Required action -
Return exactly the lines of the records below, starting at the line that contains "NEW Cincinnati Bengals" and ending at the line that contains "Chocolates Dairy Milk", with both of those lines kept.

Records shown -
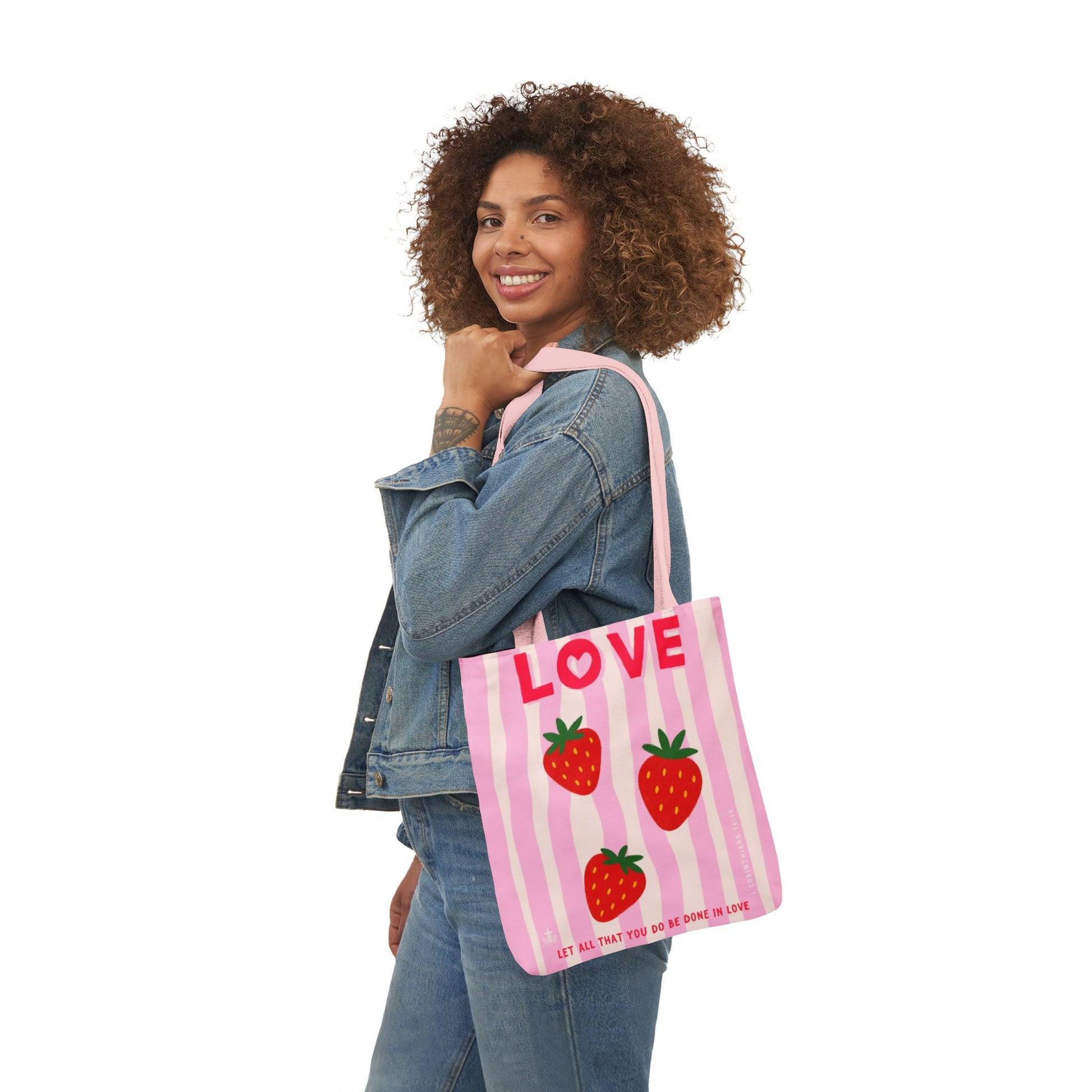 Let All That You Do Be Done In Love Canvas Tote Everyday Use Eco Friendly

==

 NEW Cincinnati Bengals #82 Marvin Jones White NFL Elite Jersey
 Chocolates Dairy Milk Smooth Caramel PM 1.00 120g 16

Answer to this task -
 NEW Cincinnati Bengals #82 Marvin Jones White NFL Elite Jersey
 Chocolates Dairy Milk Smooth Caramel PM 1.00 120g 16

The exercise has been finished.